Signed: Sultan of Sulu and his Datus
Malaysian Perspective

The Malaysians claimed that the Madrid Protocol of 1885, which was signed by Great Britain, Germany and Spain, has cemented Spanish influence over the Philippine islands. The protocol has also relinquished Spain's claim to North Borneo. They believed that the Philippines, being the Sultanate's successor state, has no legal authority or sovereignty over North Borneo.

In the years immediately before the formation of Malaysia, two commissions of enquiry visited North Borneo (along with neighbouring Sarawak) in order to establish the state of public opinion there regarding merger with Malaya (and Singapore).

It is important to note that neither commission was mandated with addressing the legal status of North Borneo; neither were they 'referendums' in the proper sense. The first commission, usually known as the Cobbold Commission was established by the Malayan and British governments and was headed by Lord Cobbold, along with two representatives of Malaya and Britain (but not either of the territories under investigation). The Commission found that 'About one third of the population of each territory [i.e. of North Borneo and of Sarawak] strongly favours early realisation of Malaysia without too much concern over terms and conditions. Another third, many of them favourable to the Malaysia project, ask, with varying degrees of emphasis, for conditions and safeguards... The remaining third is divided between those who insist upon independence before Malaysia is considered and those who would strongly prefer to see British rule continue for some years to come'.
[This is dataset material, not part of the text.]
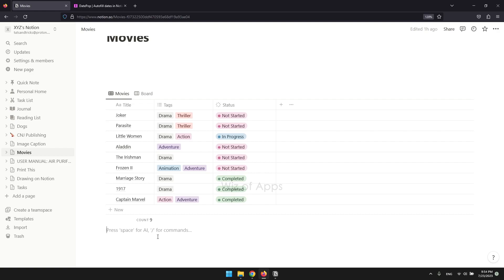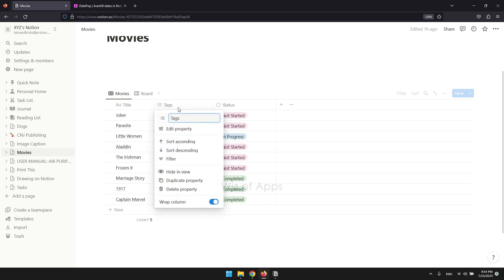First, navigate to your database. Then click your multi-select property, which is the tags column. Click edit property.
Sultan Jamalul Kiram II and his cabinet
(Photo Credit: SMJ-Site)
Indonesia and the Philippines rejected the findings of the Cobbold Commission. In 1963, a tripartite meeting was held in Manila between Indonesian president Sukarno, Philippine president Diosdado Macapagal and Malaysian Prime Minister Tunku Abdul Rahman. The meeting agreed to petition the United Nations to send another commission of enquiry and the Philippines and Indonesia agreed to drop their objection to the formation of Malaysia if the new commission found popular opinion in the territories in favor. The UN Mission to Borneo was thus established, comprising members of the UN Secretariat from Argentina, Brazil, Ceylon, Czechoslovakia, Ghana, Pakistan, Japan and Jordan. The Mission's report, authored by UN Secretary-General U Thant found ‘a sizeable majority of the people' in favor of joining Malaysia. Although Indonesia and the Philippines subsequently rejected the report's findings – and Indonesia continued its semi-military policy of konfrontasi towards Malaysia – the report in effect sealed the creation of Malaysia.

In this case, if I were a resident of Sabah, I would probably want to be part of a country that is predominantly Muslim and I see such strategy imposed by Malaysia as the main reason why she got Sabah in the first place. Surely all inhabitants want to be part of the newly-formed Federation of Malaya.
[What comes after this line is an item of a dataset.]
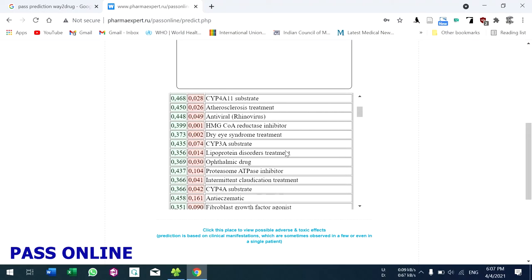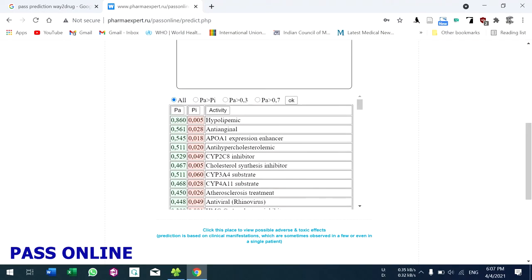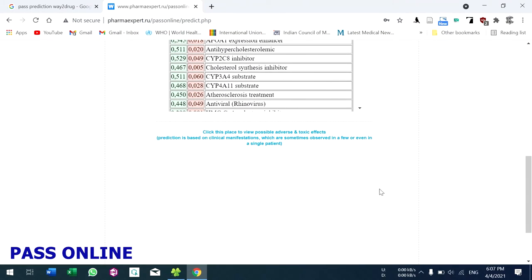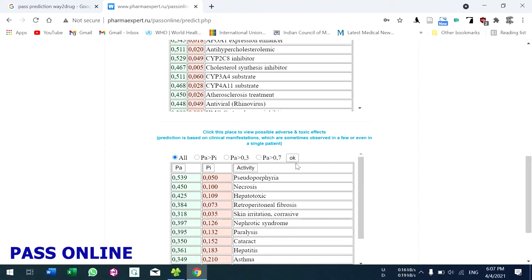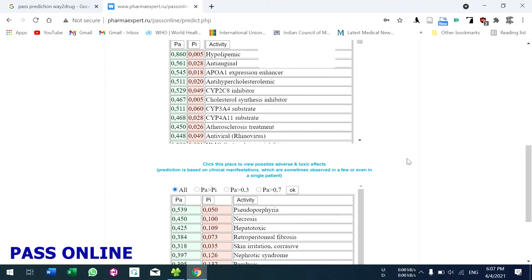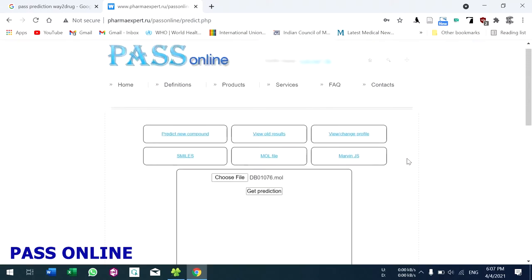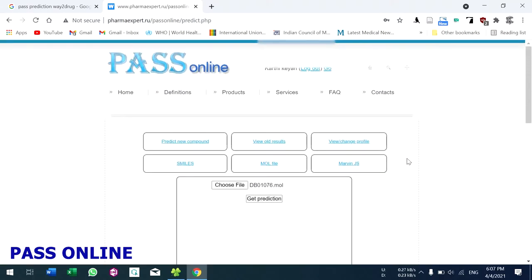These are the results. Both are the same compound, so we are getting the same results. If you want adverse reactions and toxic effects, click here and you will get these results. That's all for PASS Online.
Sabah's position within Malaysia was reinforced by the ruling made by the International Court of Justice for Pulau Sipadan and Pulau Ligitan to remain under the jurisdiction and sovereignty of Malaysia rather than Indonesia. However, Malaysia continues to consistently reject Philippine calls to bring the matter of Sabah's jurisdiction to the ICJ.

Filipino Perspective

The Sultanate of Sulu was granted the north-eastern part of the territory as a prize for helping the Sultan of Brunei against his enemies and from then on that part of Borneo was recognized as part of the Sultan of Sulu's sovereignty. In 1878, Baron von Overbeck and his partner Alfred Dent, leased the territory of Sabah. In return, the company was to provide arms to the Sultan to resist the Spaniards and 5,000 Malayan dollars annual rental based on the Mexican dollar's value at that time or its equivalent in gold. This lease was continued until the independence and formation of the Malaysian federation in 1963 together with Singapore, Sarawak and the states of Malaya. As of 2004, the Malaysian Embassy to the Philippines had been paying cession/rental money amounting to US$1,500 per year (about 6,300 Malaysian Ringgits) to the heirs of the Sultanate of Sulu.
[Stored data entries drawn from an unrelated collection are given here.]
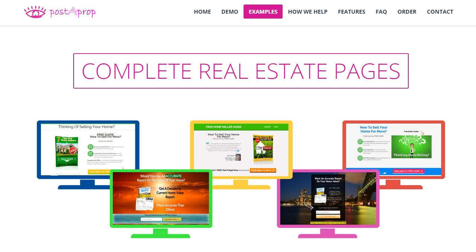The number one reason why you would want to use Post-a-Prop is simply that we have 100% complete real estate squeeze pages with everything in place. We made it really easy for you to set up and they're very effective designs and lead capture tools for your real estate business.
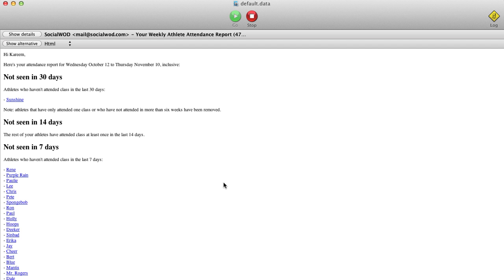What you're looking at here is an attendance report email that appears in your inbox once a week when you're a SocialWOD customer.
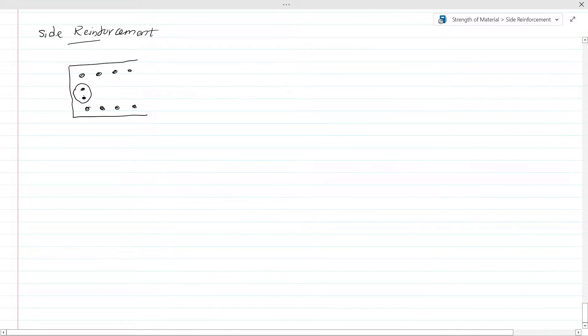Why do we need to provide this kind of reinforcement? The primary important purpose of this reinforcement is to control the cracking of the section.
I find so conflicting to the Malaysian position, if they really owned Sabah then why are they still paying rent to the heirs of the Sultan of Sulu until this day? If they are paying such rents, they should have increased it because 5,000 Malaysian dollars a century ago is not the same value now.

The Sultan of Sulu negotiating with European visitors
(Photo Credit: Royal Sulu)
The contract between Sri Paduka Maulana Al Sultan Mohammad Jamalul Alam, representing the sultanate as owner and sovereign of Sabah on one hand, and that of Gustavus Baron de Overbeck and Alfred Dent representing the North Borneo Company, on the other as lessees of Sabah, was executed on January 22, 1878. The Lease prohibits the transfer of Sabah to any nation, company or individual without the consent of His Majesty’s Government (“Government of the Sultan of Sulu”). Although it is mentioned to be a permanent lease, it is contrary to international law, which states that the terms for a lease contract can only be for 99 years, as in the case of Hong Kong and Macau when these were leased to Great Britain and Portugal respectively, by China and subsequently returned after the expiration of the lease. This would make the lease on Sabah overdue by 130 years.

If Britain released Hong Kong and Macao to China, why not Sabah?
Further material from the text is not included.